The issue sits in the context of the wider debate about universal credit, which will affect 1 million homeowners, slightly fewer than 750,000 households on disability benefits and 600,000 single parents. On universal credit, two in five households will lose about £52 a week in payments, and across many constituencies entire families will be severely affected—if they are not already. In areas where universal credit has already been rolled out, food bank use has increased by 52%. As the hon. Lady said, as part of the 2015 package, from April 2017 low-income families with a third or subsequent child lost their entitlement to additional support through child tax credits.
Does my hon. Friend agree that contrary to what the hon. Member for Glasgow Central (Alison Thewliss) suggested, Labour did not support the two-child limit? We abstained on the Second Reading of the Welfare Reform and Work Bill but voted against Third Reading. Does she agree that we should place that on the record?

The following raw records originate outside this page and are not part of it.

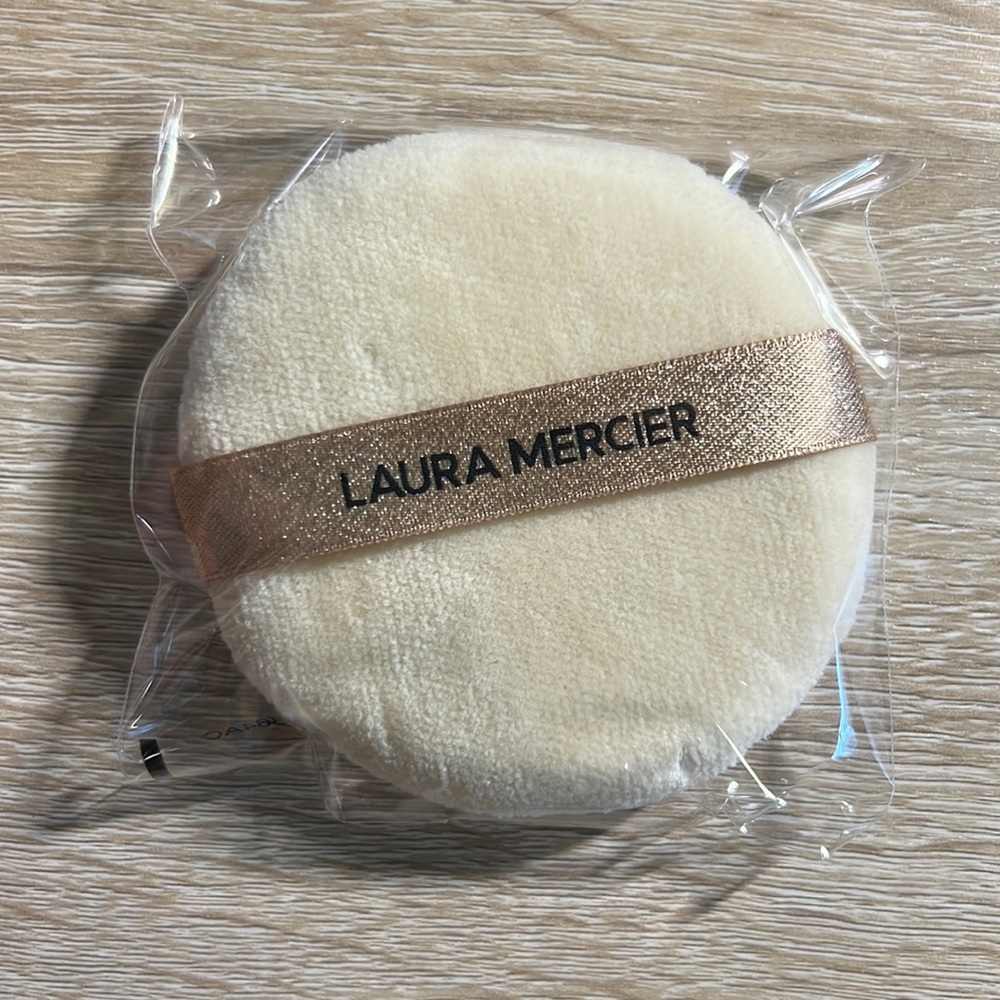 Laura Mercier velour powder puff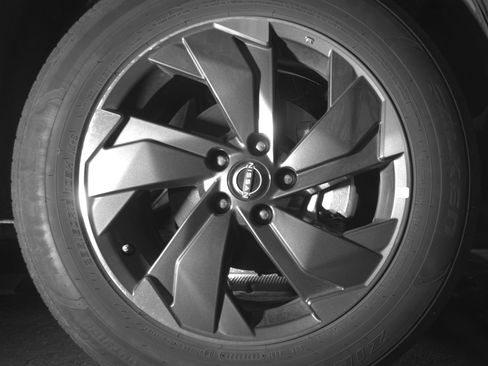 Used 2025 Nissan Rogue SV image 13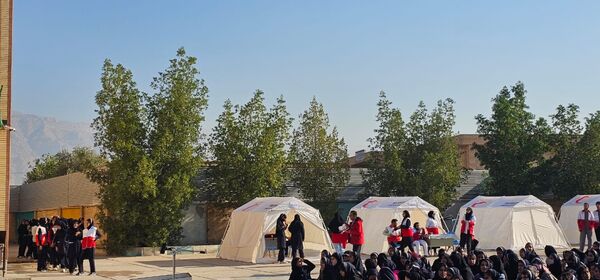 مانور سراسری زلزله در دبیرستان دخترانه نیایش گچساران 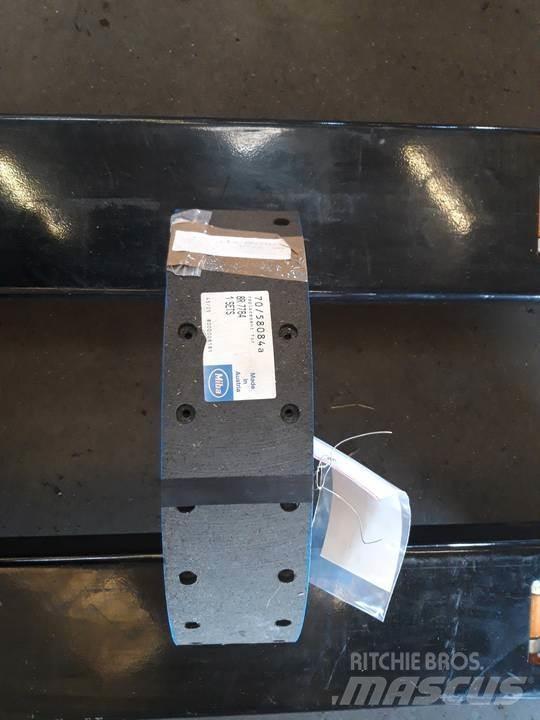CAT 950 Релси, вериги и ходова част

I concur. It is really important that the Scottish National party, the Labour party and other parties that oppose the policy continue to work together, so that we can protect families. More families will be affected from February next year, as universal credit is rolled out, and the retrospective element, which the hon. Member for Glasgow Central mentioned, will be devastating. No family could have prepared for a policy that was to be applied retrospectively; nor is it right that children should be retrospectively punished in that way. This, in short, is a punishment of children, and it is totally inhumane. No Government should be standing up for such a policy. Given that the Minister has recently taken on his role and the policy was not his idea, I urge him to reflect carefully on what is being said and on the representation being made to him, to ensure that the policy is reviewed and reformed.
If the Government are concerned about family size and think that families should not be as large as they are, just as with teenage pregnancy, public education exercises can be more successful than punitive measures that punish children. In developing countries, where there is a case for encouraging smaller families because families cannot provide, family sizes have been brought down through education and women’s empowerment, but that is a different debate from what is happening here.
Philip Alston the UN’s special rapporteur on extreme poverty and human rights recently said of the two-child limit that it is “in the same ballpark” as China’s one-child policy, because it punishes people with more than two children. Reports also state:
“The UK government has inflicted ‘great misery’ on its people with ‘punitive, mean-spirited, and often callous’ austerity policies driven by a political desire to undertake social re-engineering rather than economic necessity, the United Nations poverty envoy has found”.
It cannot be right that in one of the wealthiest economies of the world, our children face hunger and punishment.